Seni bir topraktan, nutfeden yaratan, seni bir adam sûretine koyanı inkâr mı ettin?

Seni bir topraktan, nutfeden yaratan, seni bir adam sûretine koyanı inkâr mı ettin?

Ayet meali

Bismillahirrahmanirrahim

Cenab-ı Hak (c.c), Kehf Sûresi 32-38. ayetlerinde meâlen şöyle buyuruyor:

32-(Habîbim, yâ Muhammed!) Onlara iki adamı da misâl getir ki, bunlardan birine iki üzüm bağı verip, (o bahçelerin) ikisinin de etrâfını hurmalıklarla çevirmiş ve aralarında bir ekinlik yapmıştık.

33-Her iki bağ da yemişlerini vermiş ve ondan hiçbirini eksik bırakmamıştı; ikisinin (o iki bahçenin) arasından bir de ırmak akıtmıştık.

34-Bunun (o bağ sâhibinin başka) geliri de vardı. Bundan dolayı arkadaşıyla konuşurken ona: “Ben malca senden daha zenginim; nüfusça da daha i‘tibarlıyım” dedi.

35-Böylece (kibirle) nefsine zulmedici olarak bağına girdi. “Bunun (bu bağın) ebedî olarak helâk olacağını sanmıyorum” dedi.(*)

36-“Kıyâmetin gerçekleşecek bir şey olduğunu da sanmıyorum; bununla berâber, eğer gerçekten Rabbime döndürülürsem, elbette (orada da) bundan daha hayırlı bir dönüş yeri (bir âkıbet) bulurum.” (dedi).

37-Kendisiyle konuşmakta iken arkadaşı ona dedi ki: “Seni (aslen) bir topraktan, sonra bir nutfeden (hakir bir damla sudan süzülmüş hulâsadan) yaratan, sonra da seni bir adam sûretine koyanı inkâr mı ettin?”

38-“Fakat O, benim Rabbim olan Allah’dır ve Rabbime hiçbir kimseyi ortak koşmam!”

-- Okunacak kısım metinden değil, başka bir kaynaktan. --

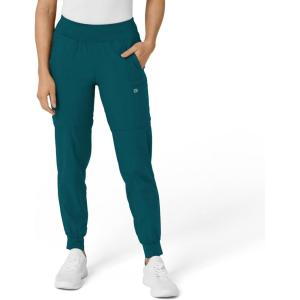 W123 Women’s Comfort Waist Cargo Jogger Scrub Pant(Caribbean Blue)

(*) “Ey fahra meftun (övünmeye düşkün), şöhrete mübtelâ (tutkun), medhe düşkün, hodbinlikte bîhemtâ (nefsini düşünmekte eşsiz) sersem nefsim! Eğer binler meyve veren incirin menşei (kaynağı) olan küçücük bir çekirdeği ve yüz salkım ona takılan üzümün siyah kurucuk çubuğu; bütün o meyveleri, o salkımları kendi hünerleri olduğu ve onlardan istifâde edenler o çubuğa, o çekirdeğe medih ve hürmet etmek lâzım olduğu hak bir da‘vâ ise, senin dahi sana yüklenen ni‘metler için fahra, gurûra belki bir hakkın var. 
Hâlbuki sen, dâim zemme (kötülenmeye) müstehaksın. Zîrâ o çekirdek ve o çubuk gibi değilsin. Senin bir cüz’-i ihtiyârın (cüz’î seçim hakkın) bulunmakla, o ni‘metlerin kıymetlerini fahrın ile tenkīs ediyorsun (noksanlaştırıyorsun). Gurûrunla tahrîb ediyorsun ve küfrânınla (nankörlüğünle) ibtâl ediyorsun ve temellükle (sâhib çıkmakla) gasb ediyorsun. Senin vazîfen fahr değil, şükürdür. Sana lâyık olan şöhret değil, tevâzû‘dur (alçak gönüllülüktür), hacâlettir (utanmaktır). Senin hakkın medih (övünmek) değil istiğfardır (bağışlanmayı dilemektir), nedâmettir (pişmanlıktır).” (Sözler, 18. Söz, 87)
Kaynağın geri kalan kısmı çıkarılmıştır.